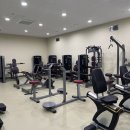 임금님손짜장 | 임금이방 꾸미기👶🛏️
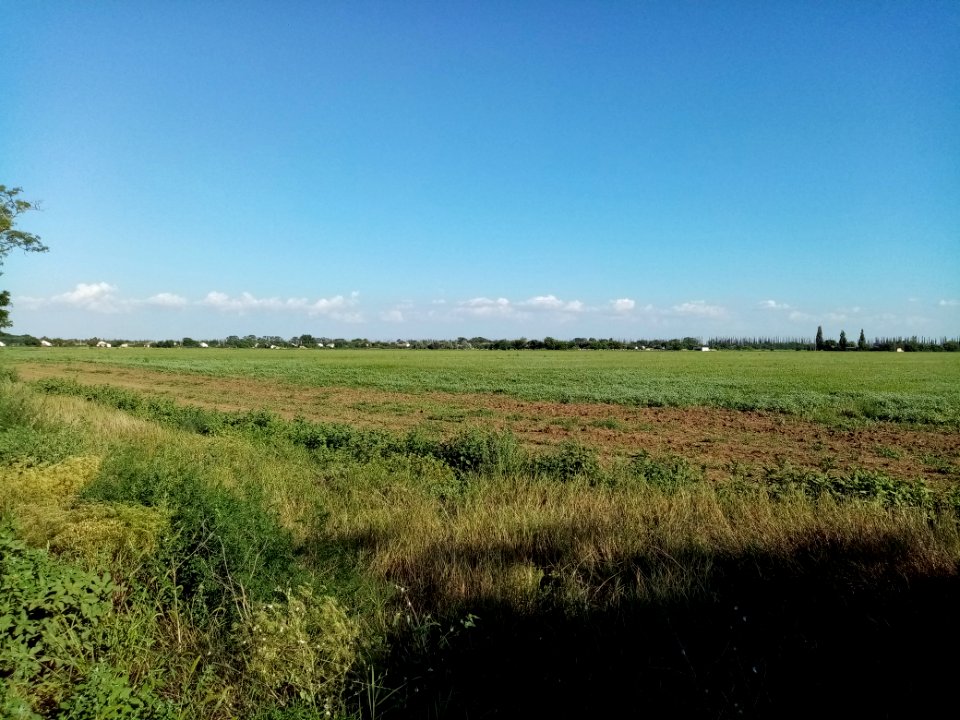 ArbuzovoCr 2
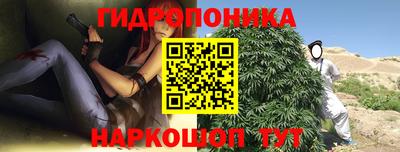 гашиш Новодвинск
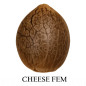 Cheese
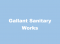 Gallant Sanitary Works profile picture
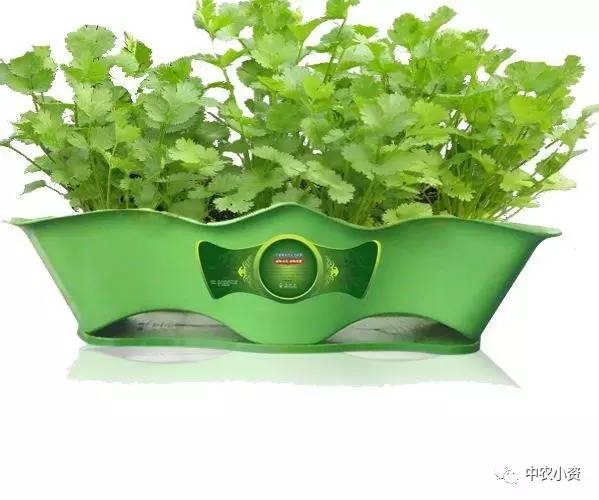 物美价廉的蔬菜盆景 让家充满自然气息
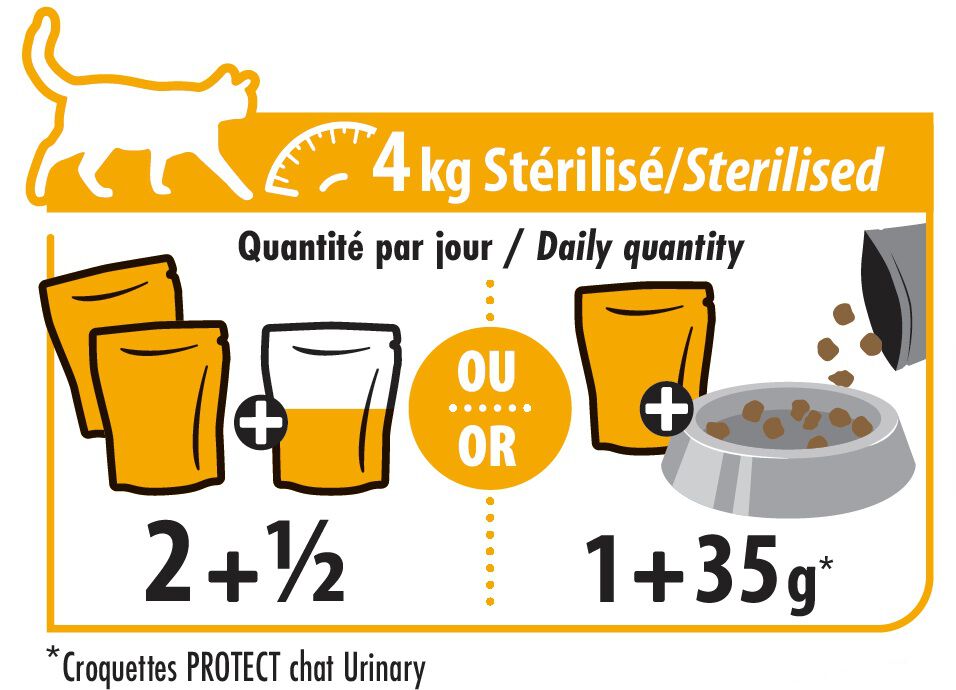 Pro-Nutrition - P&acirc;t&eacute;e en Sauce Protect Urinary pour Chats - 12x85g Image num&eacute;ro 2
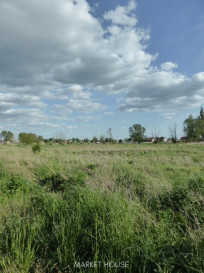 Działka Sprzedaż Czarna Łąka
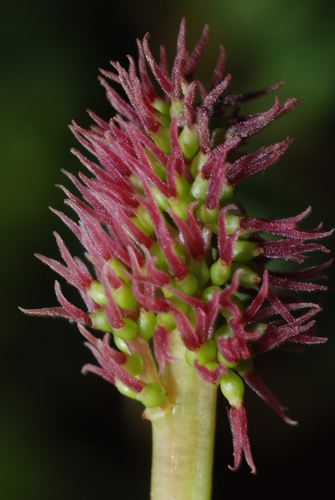 Gunnera magellanica (Pigvine) — photo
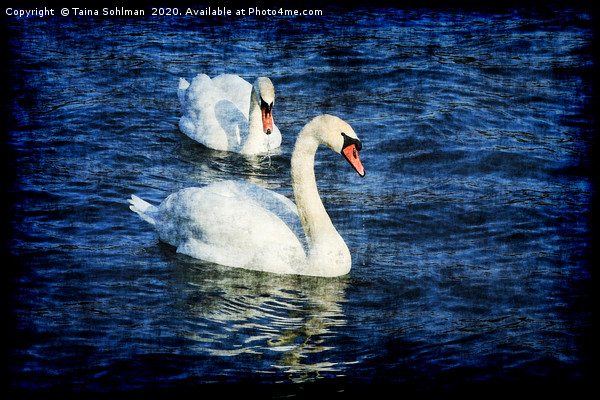 Swans on Blue Sea Grunge Style Picture Board by Taina Sohlman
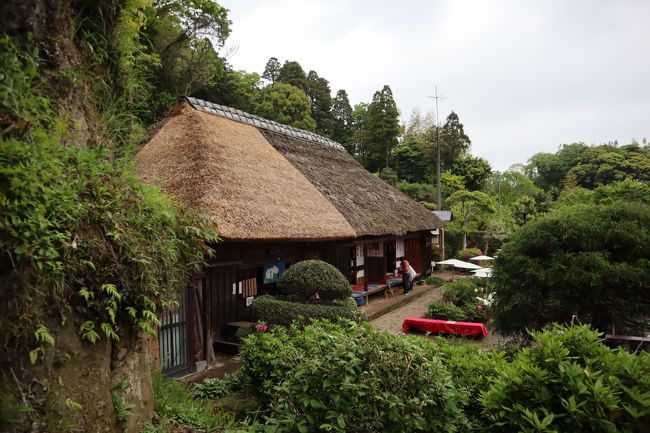 『茂原散策・・上総の民家の里山に大輪の牡丹が咲き競う、茂原牡丹園を訪ねます。』茂原(千葉県)の旅行記・ブログ by YAMAJIさん【フォートラベル】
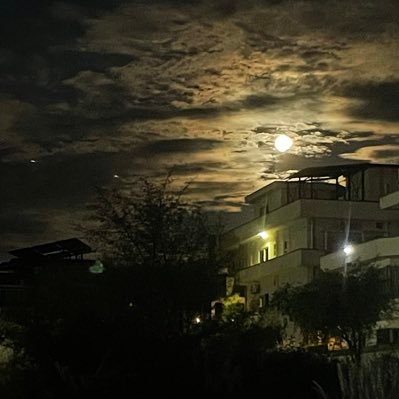 Fricktion111's profile picture. 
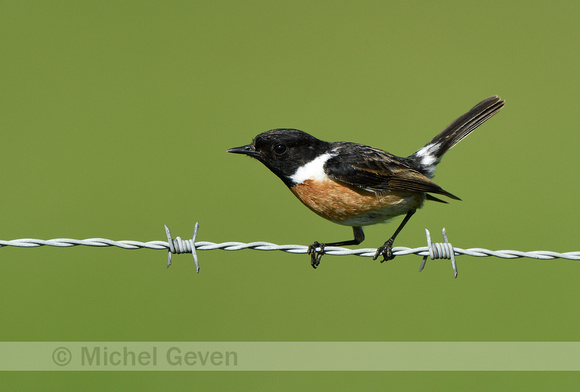 Roodborsttapuit; Stonechat; Saxicola rubicola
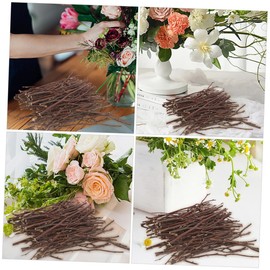 MILISTEN 1 Twig Decoration Crafts Natural Wooden Sticks Wooden Twigs Stick Natural DIY Wood Sticks Branch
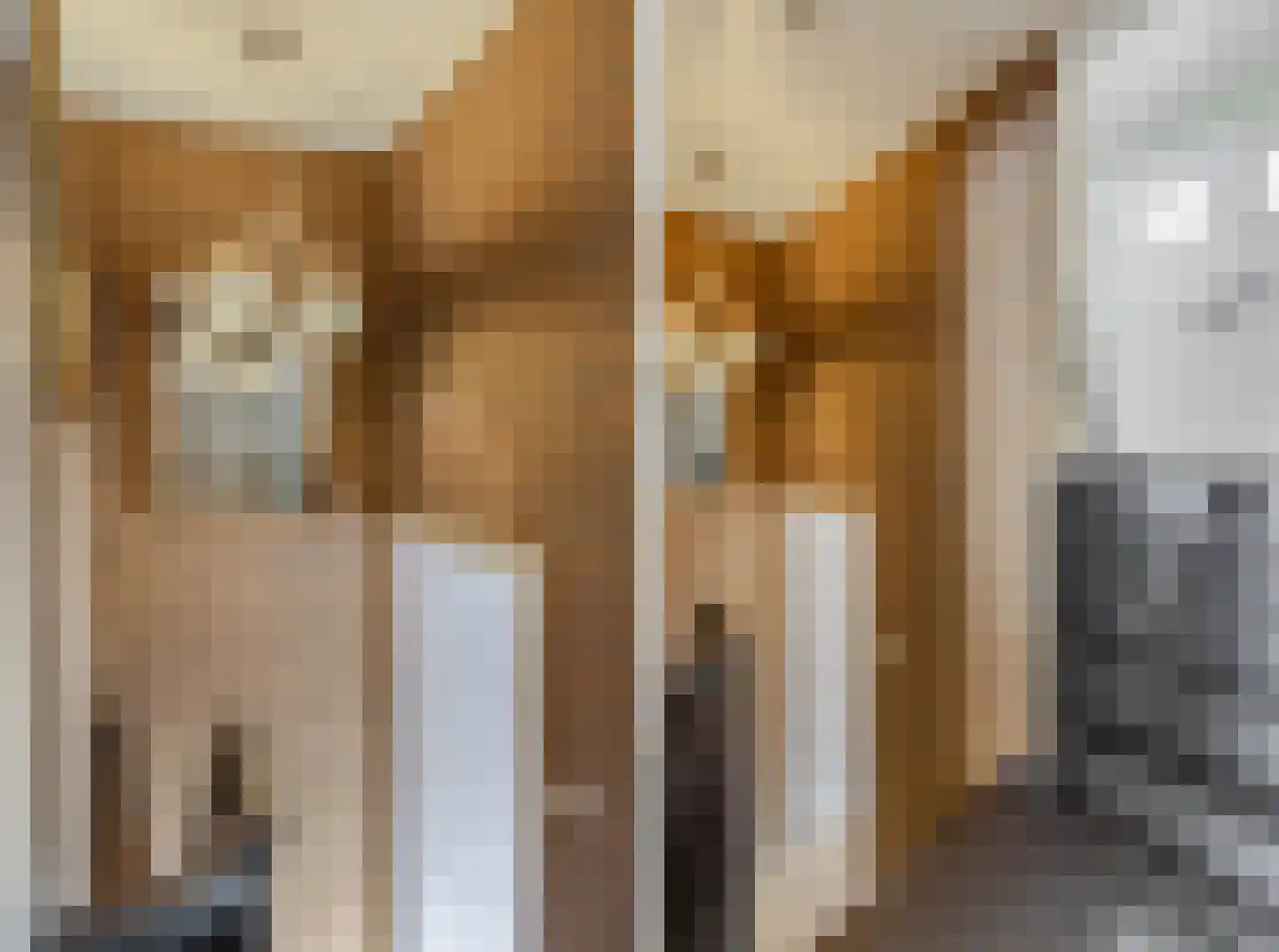 Peperstraat 16 a Wijk bij Duurstede thumbnail 10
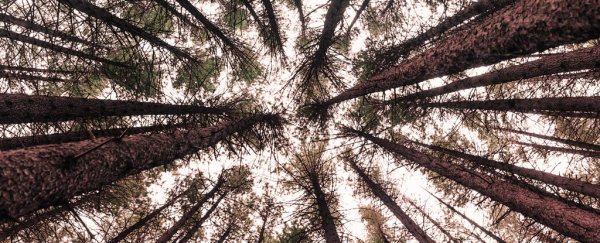 Are we really in a 6th mass extinction? Here's the science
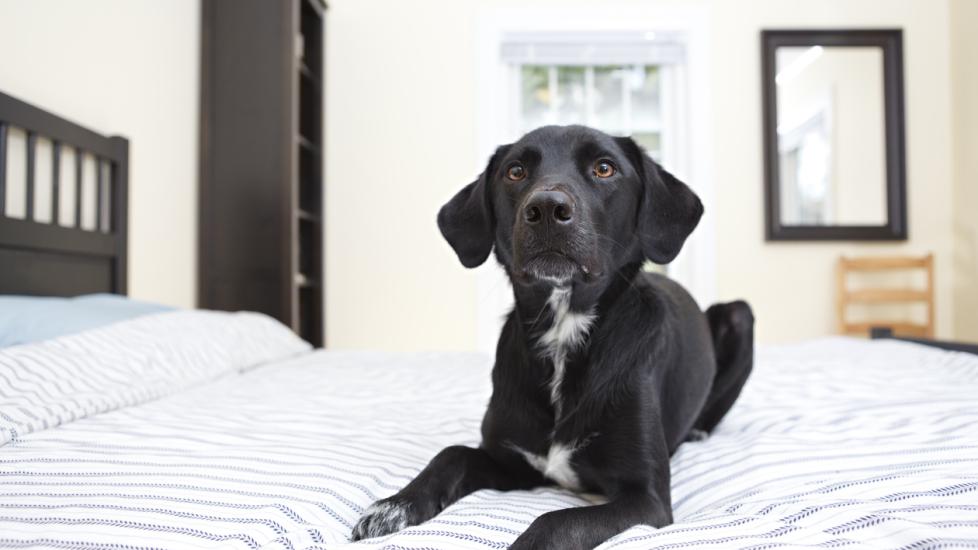 young-black-dog-lying-on-white-bed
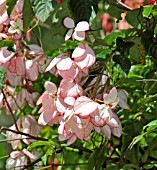 MUSSAENDA PHILIPPICA QUEEN SIRIKIT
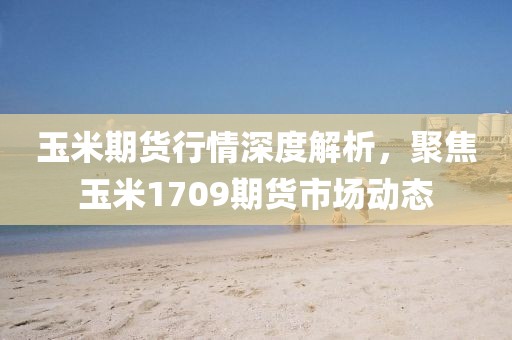 玉米期貨行情深度解析，聚焦玉米1709期貨市場動態
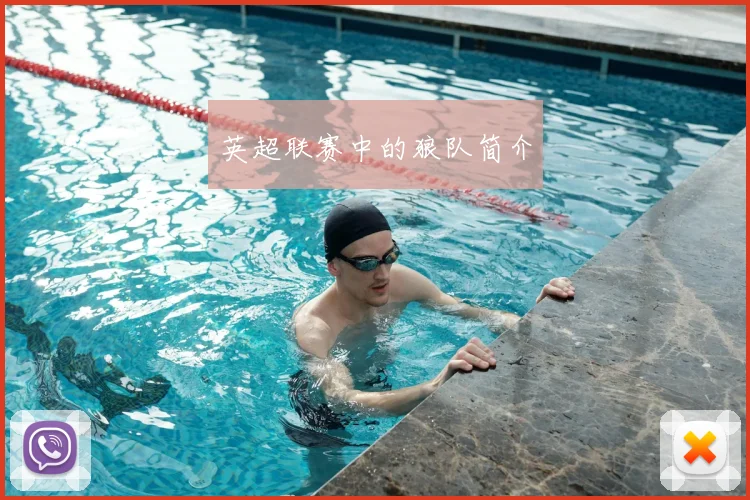 英超联赛中的狼队简介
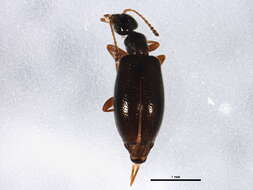 Image of Sapintus fulvipes (La Ferté-Sénectère 1849)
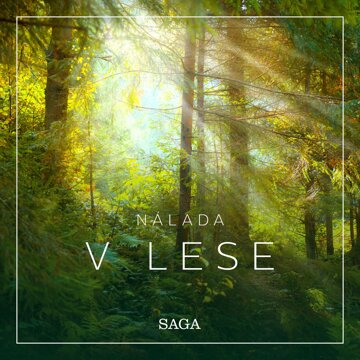 Nálada – V lese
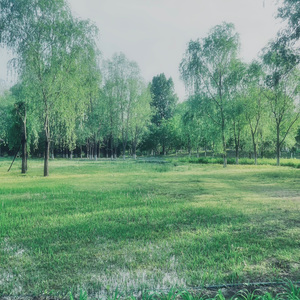 涌动（instrumental）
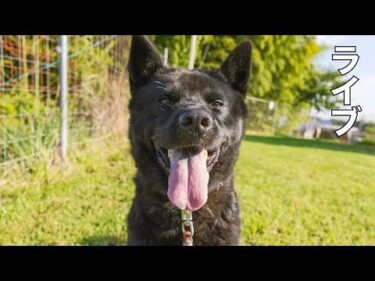 【ライブ】甲斐犬瑞稀の様子と現在の施設7月26日15時30分より配信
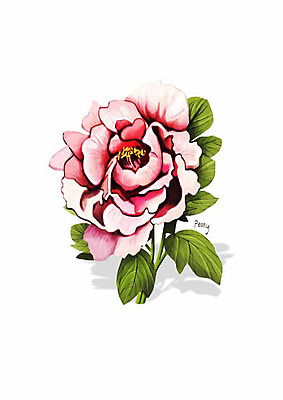 PSD 식물 꽃 분홍색 잎 일러스트 봄꽃 사람없음 모란 디테일 국내일러스트 컬러 봄 파일형식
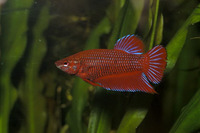 Betta splendens, Siamese fighting fish: aquarium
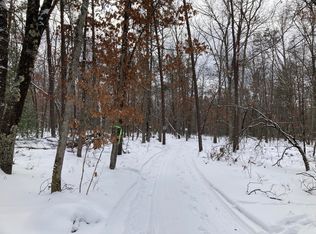 A N Benson Rd #V/L, Custer, MI 49405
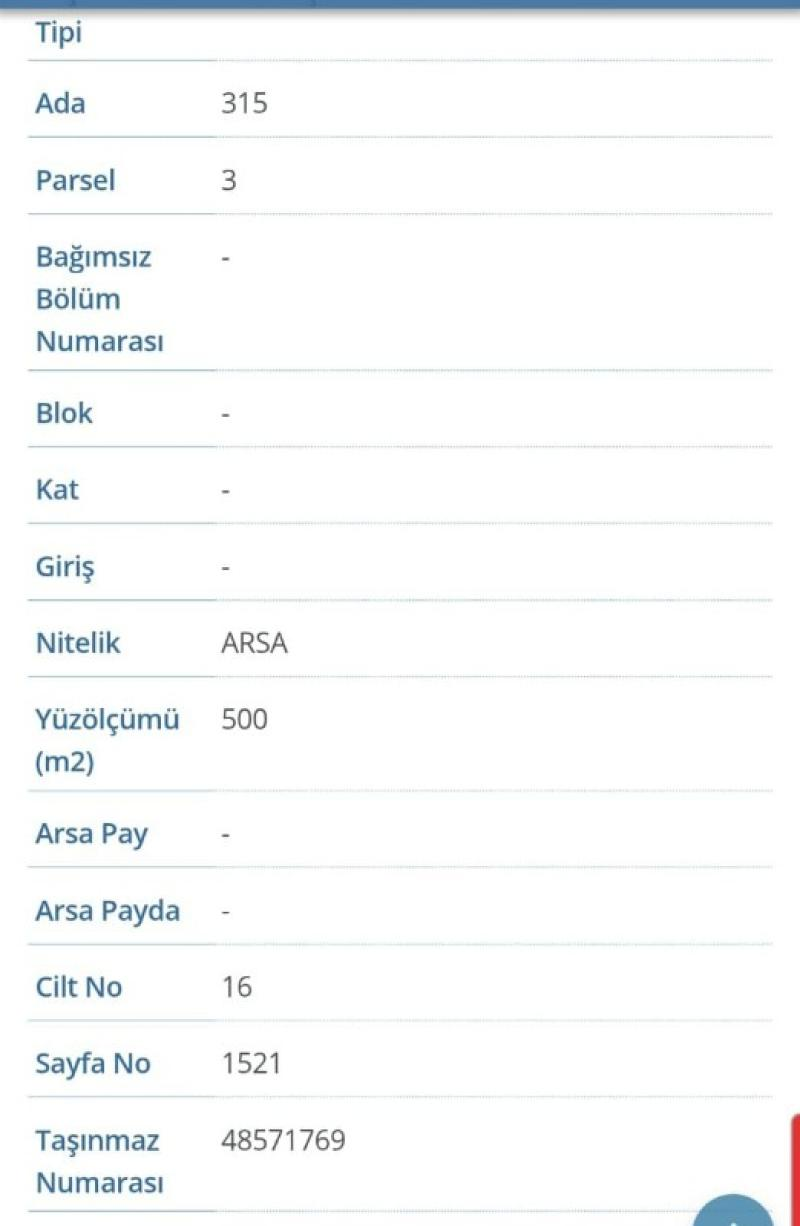 ÇINARLI KÖYÜNDE  (CİNARA)DA  2 DÖNÜM SATILIK   VERİMLİ TARLA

______________________________

*TASK GOAL*
Exactly the lines from the line with "涌动（instrumental）" through the last line of the listing, both included, should be extracted, and the pictures left behind.

*OUTPUT FOR THIS EXERCISE*
 涌动（instrumental）
 【ライブ】甲斐犬瑞稀の様子と現在の施設7月26日15時30分より配信
 PSD 식물 꽃 분홍색 잎 일러스트 봄꽃 사람없음 모란 디테일 국내일러스트 컬러 봄 파일형식
 Betta splendens, Siamese fighting fish: aquarium
 A N Benson Rd #V/L, Custer, MI 49405
 ÇINARLI KÖYÜNDE  (CİNARA)DA  2 DÖNÜM SATILIK   VERİMLİ TARLA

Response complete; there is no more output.